**DESCRIPTION OF THE TASK**
The required output is the exact text of the lines from the line containing "Man and woman wearing PPE" through the final line below, inclusive, without pictures.

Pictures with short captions
_ _ _
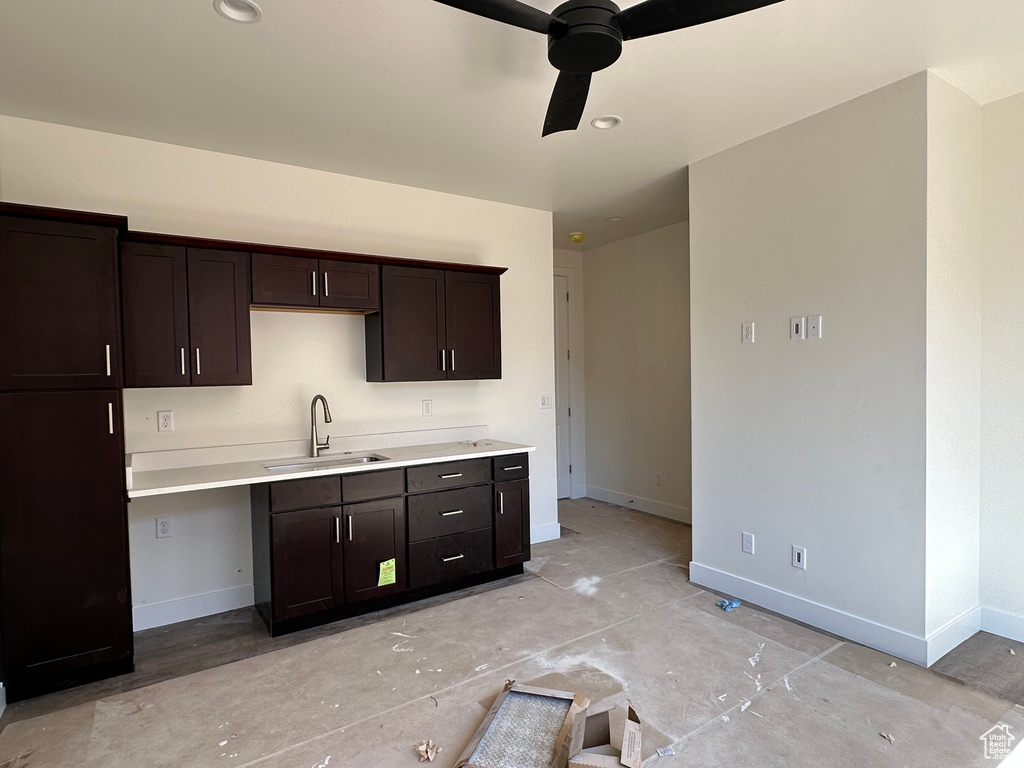 Kitchen with sink, ceiling fan, and dark brown cabinetry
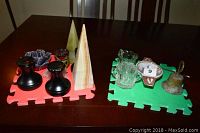 Full view of assortment shown on brown wooden table, two foam pads holding items grouped by color and type, agate obelisks, black decorative items, glass sugar and creamer, bronze bell, rose quartz dragon visible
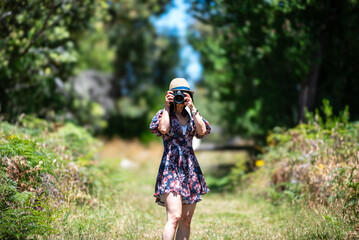Young woman taking photos on the footpath, Wilsons Promontory National Park, Victoria, Australia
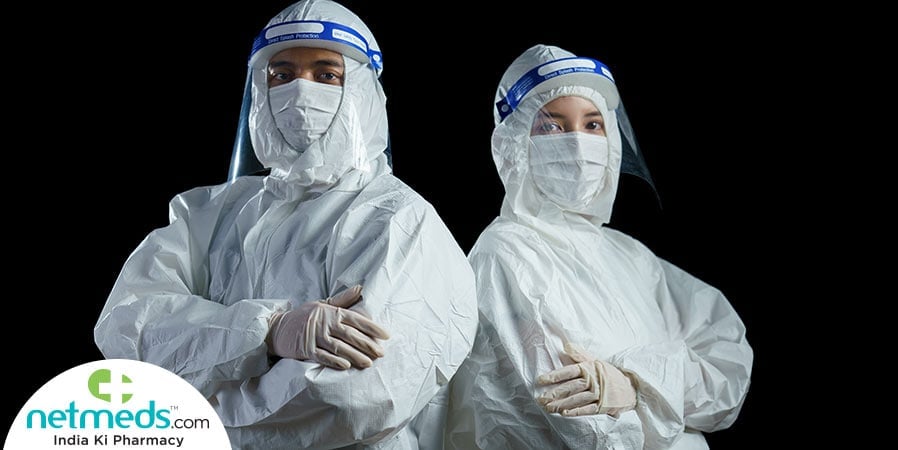 Man and woman wearing PPE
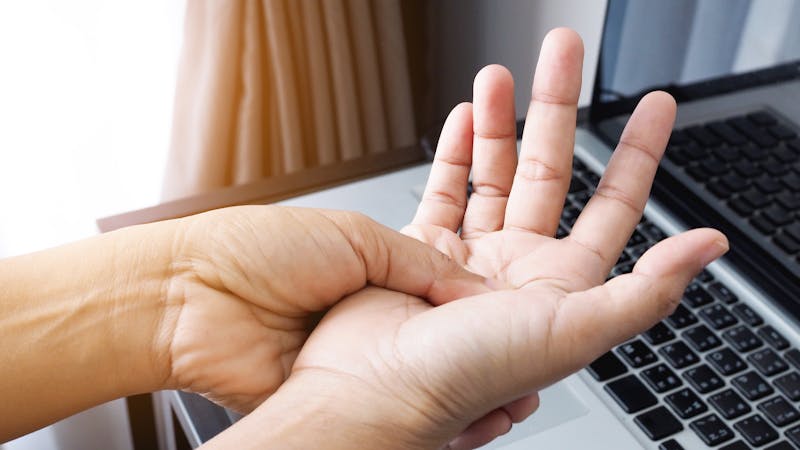 | Matz Injury Law A person's hands in focus, one pressing into the other's palm in a self-examination gesture, with a laptop and window blinds in the background.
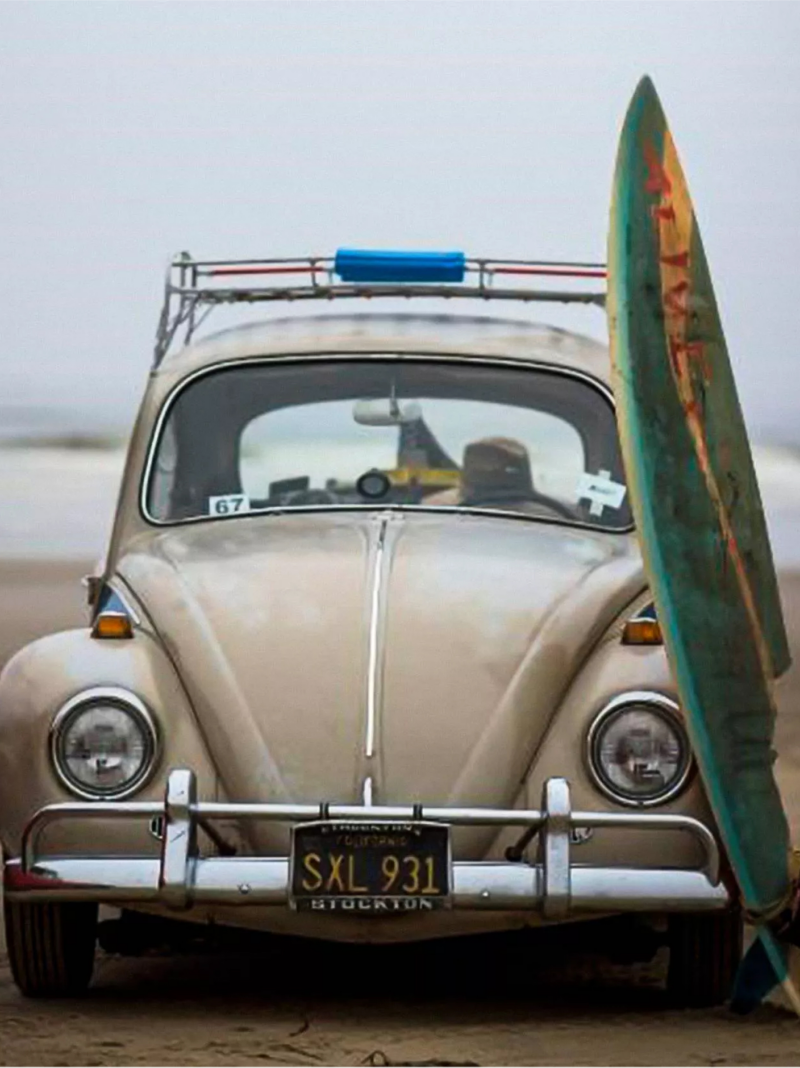 Classic VW beetle with sufboard near beach.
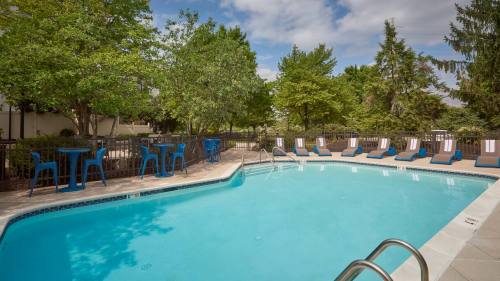 A clear swimming pool surrounded by lounge chairs and tables, set in a green, landscaped area under a cloudy sky.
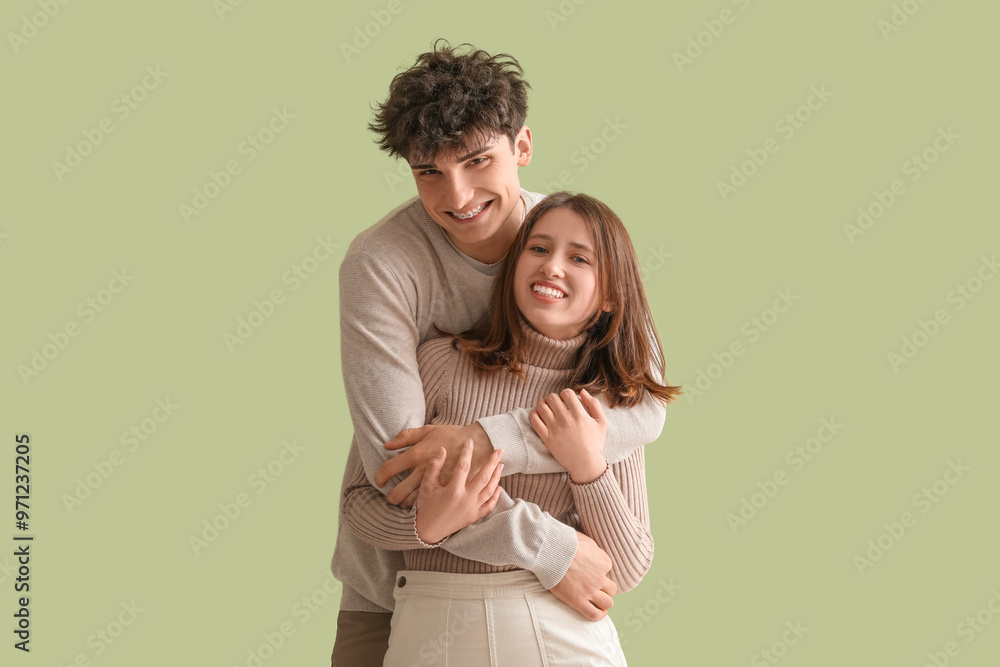 Young beautiful couple in stylish clothes hugging on green background Young beautiful couple in stylish clothes hugging on green background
_ _ _
**THE ANSWER**
 Man and woman wearing PPE
 | Matz Injury Law A person's hands in focus, one pressing into the other's palm in a self-examination gesture, with a laptop and window blinds in the background.
 Classic VW beetle with sufboard near beach.
 A clear swimming pool surrounded by lounge chairs and tables, set in a green, landscaped area under a cloudy sky.
 Young beautiful couple in stylish clothes hugging on green background Young beautiful couple in stylish clothes hugging on green background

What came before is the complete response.